Friday, May 4, 2012

Comic anthropology ain’t broke!


To Joburg comedy fans weaned on the drunk, dingy, loose hilarity of The Comedy
Underground, the classy surrounds of Parker’s Comedy & Jive are physical evidence of
how far the scene has come.

That tonight’s Comedy Central Live… At Parker’s is rammed to the gills with eager, affluent punters on the same night as the latest Blacks Only show across town further proves that a lot of people dig live comedy these days.

Of course, we’ve also got a syndicated DStv channel, and tonight’s show will be filmed for broadcast on that. Every last Wednesday of the month is the plan. So proprietor Joe Parker gives the audience stern instructions on how we must behave during filming, while the blue-bangled media/comedian contingent furiously order their free drinks.

The night is hosted by Conrad Koch – him with the puppets, aka one of the most
technically skilled ventriloquists you’re likely to see. Casual comedy fans are more likely
to recognize the puppet Chester from the LNN show.

We always had a problem with featuring the puppet alone on TV, without
his “master”, since most of the impact comes from knowing there’s ventriloquism at play
here, and also from the repartee between the two characters. The material itself is good in
parts.

Culturally, Chester is black puppet, “an ideal BEE partner”. Cue gags about
tenders, Malema, Zuma, Buthelezi etc. All toe that delicate line between edgy and
embarrassing, and generally succeed. But the tone is set for an evening of race-based
gags.

Of course, this is the stock-in-trade of SA comedy. If you got 10 cents every time
an SA comic started a riff with “have you noticed how white people…” or “us blacks are,
like…” or “coloured people go like this…” Well, you’d have enough to pay the R150
cover for Parker’s tonight, that’s for sure.

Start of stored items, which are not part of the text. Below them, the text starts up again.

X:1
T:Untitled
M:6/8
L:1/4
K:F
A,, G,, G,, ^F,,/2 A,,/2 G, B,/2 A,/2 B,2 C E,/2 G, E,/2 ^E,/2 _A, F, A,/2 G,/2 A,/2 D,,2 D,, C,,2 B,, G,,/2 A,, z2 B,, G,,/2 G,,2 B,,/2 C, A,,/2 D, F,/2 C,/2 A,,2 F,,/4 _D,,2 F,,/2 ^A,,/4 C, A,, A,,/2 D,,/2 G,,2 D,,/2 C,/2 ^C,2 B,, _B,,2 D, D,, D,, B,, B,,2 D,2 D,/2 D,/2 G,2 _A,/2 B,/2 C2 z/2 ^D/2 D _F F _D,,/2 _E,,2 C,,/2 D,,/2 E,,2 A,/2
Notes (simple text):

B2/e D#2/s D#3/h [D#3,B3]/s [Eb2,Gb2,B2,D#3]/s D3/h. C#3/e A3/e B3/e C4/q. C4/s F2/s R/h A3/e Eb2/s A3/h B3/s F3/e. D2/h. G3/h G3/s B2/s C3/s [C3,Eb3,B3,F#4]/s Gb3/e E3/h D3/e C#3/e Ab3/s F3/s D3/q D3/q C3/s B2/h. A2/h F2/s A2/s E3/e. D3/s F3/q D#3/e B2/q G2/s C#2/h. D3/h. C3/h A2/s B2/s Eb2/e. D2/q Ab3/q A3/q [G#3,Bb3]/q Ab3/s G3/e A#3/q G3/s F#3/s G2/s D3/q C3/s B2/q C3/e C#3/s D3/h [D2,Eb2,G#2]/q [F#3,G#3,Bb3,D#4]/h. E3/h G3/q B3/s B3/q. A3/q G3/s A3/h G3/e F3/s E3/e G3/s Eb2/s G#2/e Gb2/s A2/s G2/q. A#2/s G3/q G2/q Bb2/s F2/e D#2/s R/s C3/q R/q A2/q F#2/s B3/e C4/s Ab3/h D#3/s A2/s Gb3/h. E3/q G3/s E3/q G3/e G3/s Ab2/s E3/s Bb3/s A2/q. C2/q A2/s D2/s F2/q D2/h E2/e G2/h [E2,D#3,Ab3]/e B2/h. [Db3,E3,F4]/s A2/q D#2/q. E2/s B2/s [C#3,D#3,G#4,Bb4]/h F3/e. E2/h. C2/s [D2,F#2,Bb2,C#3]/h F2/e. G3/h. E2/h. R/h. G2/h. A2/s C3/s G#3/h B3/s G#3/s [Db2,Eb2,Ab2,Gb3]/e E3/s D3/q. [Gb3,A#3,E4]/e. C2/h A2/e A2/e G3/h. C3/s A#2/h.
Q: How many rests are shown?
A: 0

It’s vital for us to be able to laugh at our differences. In fact Koch does comedy-
driven corporate gigs helping companies manage culture change through comedy. But
this is hardly post-racial SA at work.

But we know what to expect. The bewildered Canadian couple in the front,
perhaps less so. That the gentleman is named Milf doesn’t help his cause, and he
becomes the target of some serious Koch abuse.

The intro set climaxes with a vision of Jacob Zuma eating oysters off a
supermodel. Oh, hang on. Is that an oyster?

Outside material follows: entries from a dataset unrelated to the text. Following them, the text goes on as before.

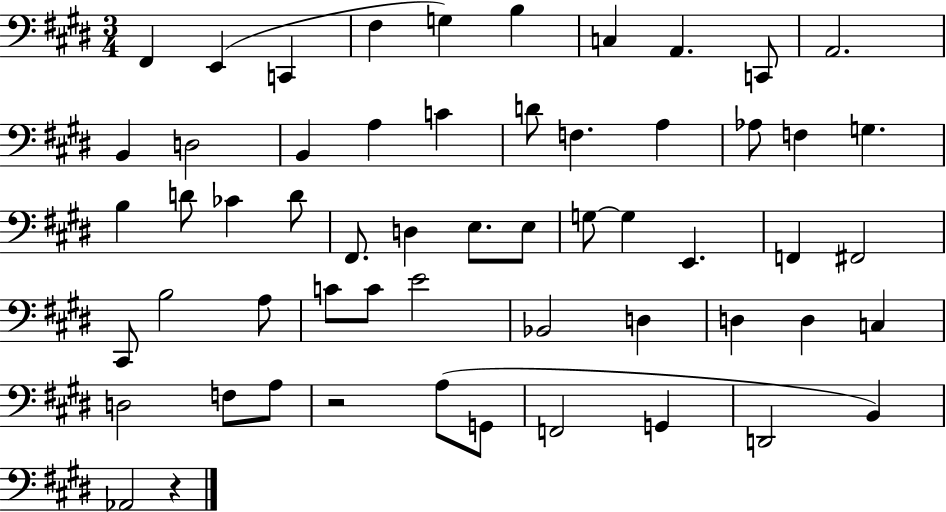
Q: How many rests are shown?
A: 2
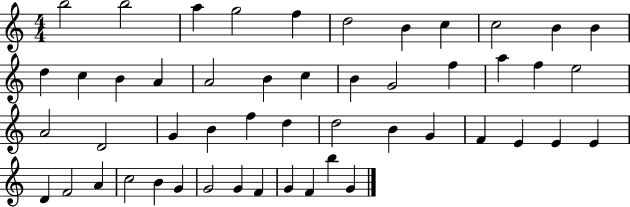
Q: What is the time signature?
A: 4/4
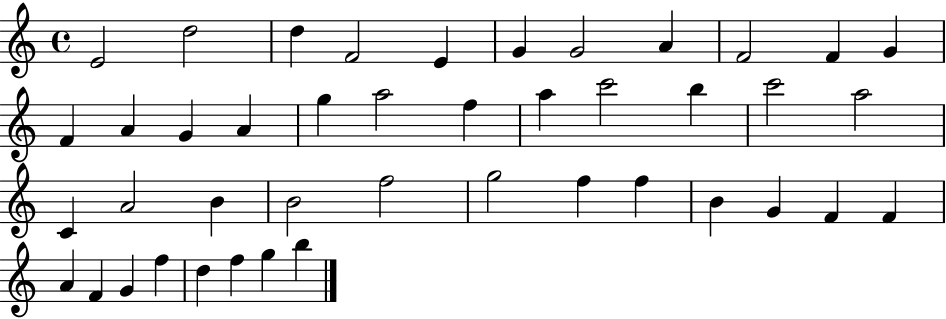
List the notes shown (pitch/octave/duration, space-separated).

E4/h D5/h D5/q F4/h E4/q G4/q G4/h A4/q F4/h F4/q G4/q F4/q A4/q G4/q A4/q G5/q A5/h F5/q A5/q C6/h B5/q C6/h A5/h C4/q A4/h B4/q B4/h F5/h G5/h F5/q F5/q B4/q G4/q F4/q F4/q A4/q F4/q G4/q F5/q D5/q F5/q G5/q B5/q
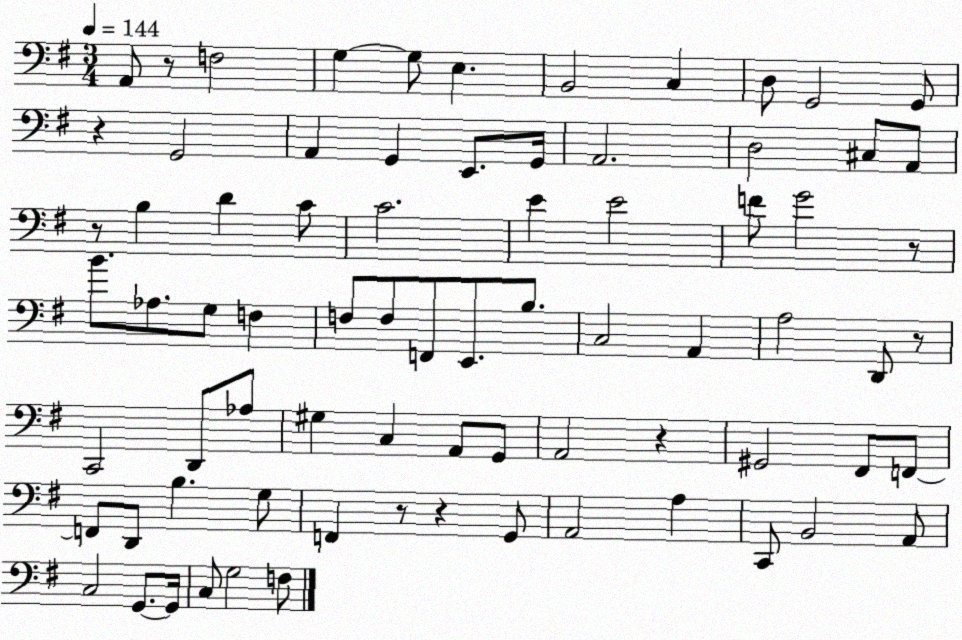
X:1
T:Untitled
M:3/4
L:1/4
K:G
A,,/2 z/2 F,2 G, G,/2 E, B,,2 C, D,/2 G,,2 G,,/2 z G,,2 A,, G,, E,,/2 G,,/4 A,,2 D,2 ^C,/2 A,,/2 z/2 B, D C/2 C2 E E2 F/2 G2 z/2 B/2 _A,/2 G,/2 F, F,/2 F,/2 F,,/2 E,,/2 B,/2 C,2 A,, A,2 D,,/2 z/2 C,,2 D,,/2 _A,/2 ^G, C, A,,/2 G,,/2 A,,2 z ^G,,2 ^F,,/2 F,,/2 F,,/2 D,,/2 B, G,/2 F,, z/2 z G,,/2 A,,2 A, C,,/2 B,,2 A,,/2 C,2 G,,/2 G,,/4 C,/2 G,2 F,/2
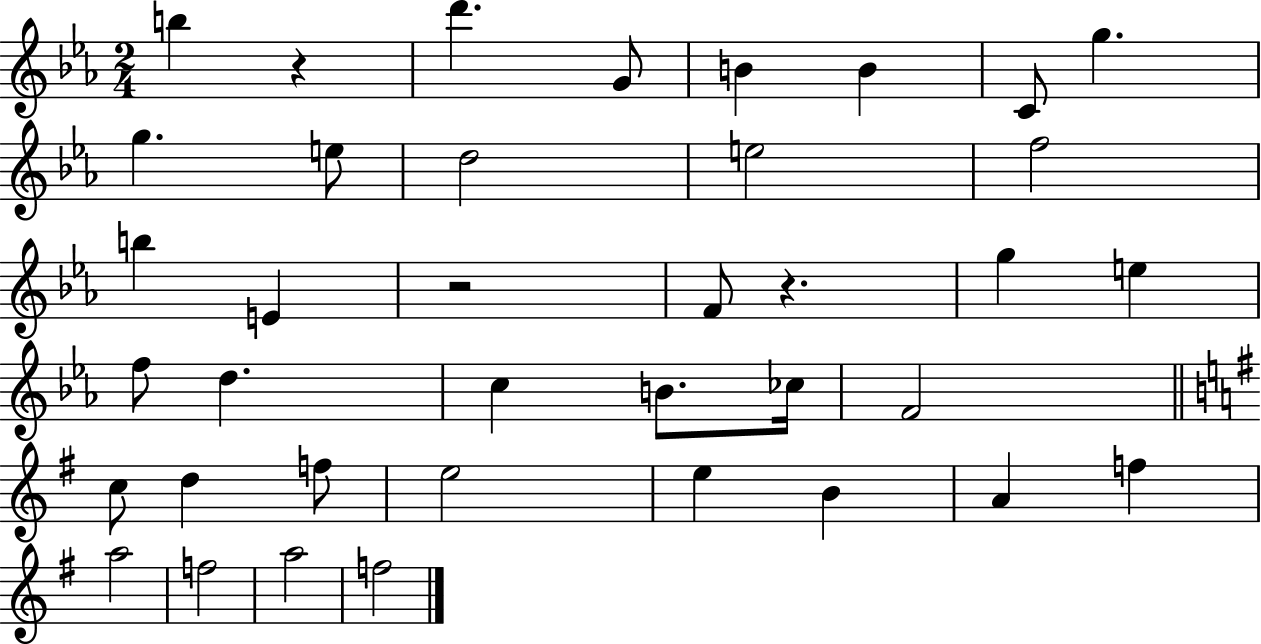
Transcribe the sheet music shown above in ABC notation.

X:1
T:Untitled
M:2/4
L:1/4
K:Eb
b z d' G/2 B B C/2 g g e/2 d2 e2 f2 b E z2 F/2 z g e f/2 d c B/2 _c/4 F2 c/2 d f/2 e2 e B A f a2 f2 a2 f2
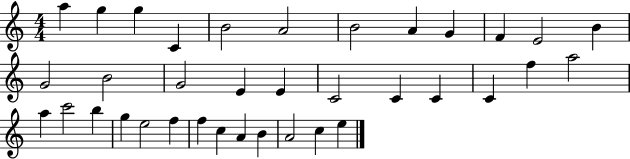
A5/q G5/q G5/q C4/q B4/h A4/h B4/h A4/q G4/q F4/q E4/h B4/q G4/h B4/h G4/h E4/q E4/q C4/h C4/q C4/q C4/q F5/q A5/h A5/q C6/h B5/q G5/q E5/h F5/q F5/q C5/q A4/q B4/q A4/h C5/q E5/q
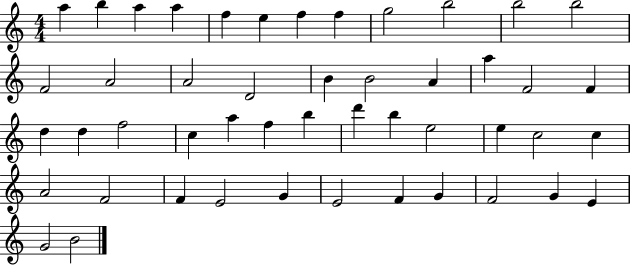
{
  \clef treble
  \numericTimeSignature
  \time 4/4
  \key c \major
  a''4 b''4 a''4 a''4 | f''4 e''4 f''4 f''4 | g''2 b''2 | b''2 b''2 | \break f'2 a'2 | a'2 d'2 | b'4 b'2 a'4 | a''4 f'2 f'4 | \break d''4 d''4 f''2 | c''4 a''4 f''4 b''4 | d'''4 b''4 e''2 | e''4 c''2 c''4 | \break a'2 f'2 | f'4 e'2 g'4 | e'2 f'4 g'4 | f'2 g'4 e'4 | \break g'2 b'2 | \bar "|."
}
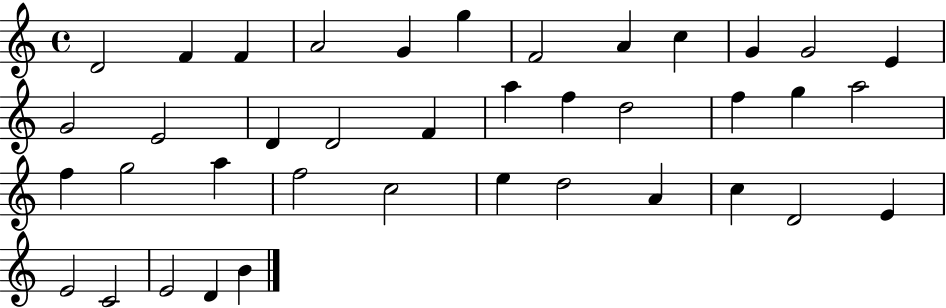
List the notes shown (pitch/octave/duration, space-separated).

D4/h F4/q F4/q A4/h G4/q G5/q F4/h A4/q C5/q G4/q G4/h E4/q G4/h E4/h D4/q D4/h F4/q A5/q F5/q D5/h F5/q G5/q A5/h F5/q G5/h A5/q F5/h C5/h E5/q D5/h A4/q C5/q D4/h E4/q E4/h C4/h E4/h D4/q B4/q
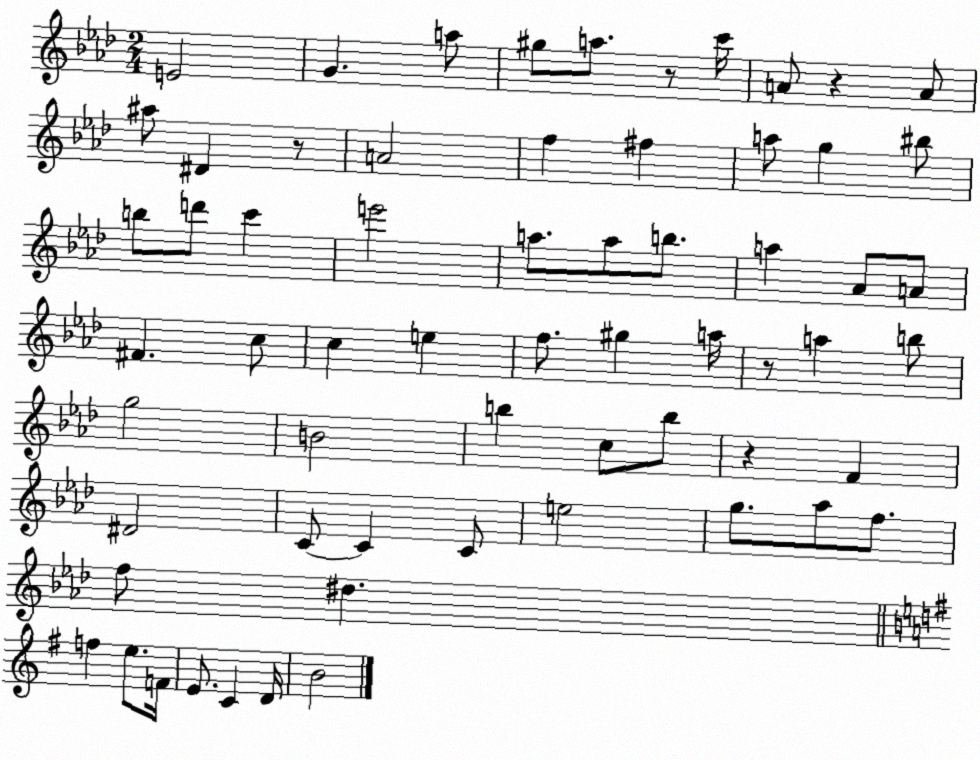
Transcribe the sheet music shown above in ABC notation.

X:1
T:Untitled
M:2/4
L:1/4
K:Ab
E2 G a/2 ^g/2 a/2 z/2 c'/4 A/2 z A/2 ^a/2 ^D z/2 A2 f ^f a/2 g ^b/2 b/2 d'/2 c' e'2 a/2 a/2 b/2 a _A/2 A/2 ^F c/2 c e f/2 ^g a/4 z/2 a b/2 g2 B2 b c/2 b/2 z F ^D2 C/2 C C/2 e2 g/2 _a/2 f/2 f/2 ^d f e/2 F/4 E/2 C D/4 B2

Then it’s time for Dave Levinsohn, the sole respite from the night’s barrage of
comic anthropology. Dave’s more into his observational humour, which transcends race,
and gets some of the evening’s best laughs.

Not that it’s conservative, just clever, perceptive and delivered with aplomb. A
smell-my-finger bit never looked this good. He also drops in some accents, some
physical comedy and a super-subtle crime commentary that you can notice or ignore, up
to you.

Dave’s also the kind of professional who makes you feel you’re in good hands.
Not for him the peaks and valleys of cringing failure, then hilarious redemption. It all
kills.

So we’re nicely set for our third artist, Simmi Areff, via a cameo by Koch’s green
mate Ronnie who remarks that one lady in the audience would be able to go windsurfing
with her hair.

By this point, the audience is nicely lubed, not least us barflies. So Simmi goes down a treat. He’s young, hip and rocks a style of Muslim humour not a million miles from Riaad Moosa.

He's a lightie, so there’s also no trace of that slightly bitter cynicism that infects your older
comics. It’s Muslims-on-a-plane without the sarcasm, a cool one about a guy in garb
drinking alco-halaal beer, into one about breaking up on Facebook, and we’re out of here.
Nicely done, sir.

Because of the taping, sets are short and concise. You suspect tonight’s Parker’s
audience – “The DStv crowd”, they call them – is better served because of it.
Then it’s half-time, some urgent brandishing of blue bangles at busy barmen and
some proper flirting like the old days. We’ve pulled a rather sexy crowd tonight,
comprising some flawless young ladies, generously rocking every inch of the curves their
ou ladies gave them.

Nothing wrong.

Then it’s Siya B. We noticed him doing a quick survey of crowd demographics
earlier (maybe one quarter black). And he bravely starts out in pure vernac, then tunes the
confused whities, “That’s how I looked, sir, on my first day at a white school!” It works
and launches us into a cool journey through the funnier aspects of black culture. To wit, magic and how it applies to your lady’s pussy, Daily Sun, and what it might be like if your cock was a machine gun. Also a poignantly satirical Madiba bit at the end there. Mr B leaves to a standing ovation – from us at the bar anyway.

Then an unnecessarily long coda from Koch and his babe Hilary berating the
crowd, with a trippy “human ventriloquism” thing to finish off.
We sneak off to catch extra time in the Real-Bayern game, pissed for free,
sexually piqued and happy to report SA comedy in a state of rude health.